• _What is needed_
From the data below, return the exact lines starting at the line containing "Colorful breakfast with" and ending at the line containing "im Hintergrund sichtbar.", both included, and nothing else.

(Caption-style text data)
··········
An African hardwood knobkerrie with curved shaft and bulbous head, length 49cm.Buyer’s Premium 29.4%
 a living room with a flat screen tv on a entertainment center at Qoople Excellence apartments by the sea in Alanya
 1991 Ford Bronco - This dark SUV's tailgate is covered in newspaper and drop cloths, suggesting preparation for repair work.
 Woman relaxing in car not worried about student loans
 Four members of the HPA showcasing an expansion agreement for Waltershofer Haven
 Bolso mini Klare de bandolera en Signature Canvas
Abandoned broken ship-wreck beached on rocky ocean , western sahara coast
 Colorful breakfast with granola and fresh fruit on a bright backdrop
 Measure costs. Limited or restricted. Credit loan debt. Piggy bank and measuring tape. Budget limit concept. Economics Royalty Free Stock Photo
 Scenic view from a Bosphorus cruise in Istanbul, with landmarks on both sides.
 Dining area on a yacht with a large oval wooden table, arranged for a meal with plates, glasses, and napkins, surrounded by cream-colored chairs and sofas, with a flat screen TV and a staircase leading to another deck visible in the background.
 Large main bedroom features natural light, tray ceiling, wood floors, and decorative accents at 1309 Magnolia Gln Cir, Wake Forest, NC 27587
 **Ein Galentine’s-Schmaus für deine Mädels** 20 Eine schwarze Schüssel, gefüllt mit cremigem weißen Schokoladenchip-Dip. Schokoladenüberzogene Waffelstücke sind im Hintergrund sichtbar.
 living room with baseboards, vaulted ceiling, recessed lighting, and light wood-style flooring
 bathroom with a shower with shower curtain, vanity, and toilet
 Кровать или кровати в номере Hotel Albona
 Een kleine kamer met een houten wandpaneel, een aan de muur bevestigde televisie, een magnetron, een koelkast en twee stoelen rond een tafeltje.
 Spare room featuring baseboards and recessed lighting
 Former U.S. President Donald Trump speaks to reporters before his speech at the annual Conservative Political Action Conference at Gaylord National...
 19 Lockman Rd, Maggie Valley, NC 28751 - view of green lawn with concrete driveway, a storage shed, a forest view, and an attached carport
··········
• _Solution for this task_
 Colorful breakfast with granola and fresh fruit on a bright backdrop
 Measure costs. Limited or restricted. Credit loan debt. Piggy bank and measuring tape. Budget limit concept. Economics Royalty Free Stock Photo
 Scenic view from a Bosphorus cruise in Istanbul, with landmarks on both sides.
 Dining area on a yacht with a large oval wooden table, arranged for a meal with plates, glasses, and napkins, surrounded by cream-colored chairs and sofas, with a flat screen TV and a staircase leading to another deck visible in the background.
 Large main bedroom features natural light, tray ceiling, wood floors, and decorative accents at 1309 Magnolia Gln Cir, Wake Forest, NC 27587
 **Ein Galentine’s-Schmaus für deine Mädels** 20 Eine schwarze Schüssel, gefüllt mit cremigem weißen Schokoladenchip-Dip. Schokoladenüberzogene Waffelstücke sind im Hintergrund sichtbar.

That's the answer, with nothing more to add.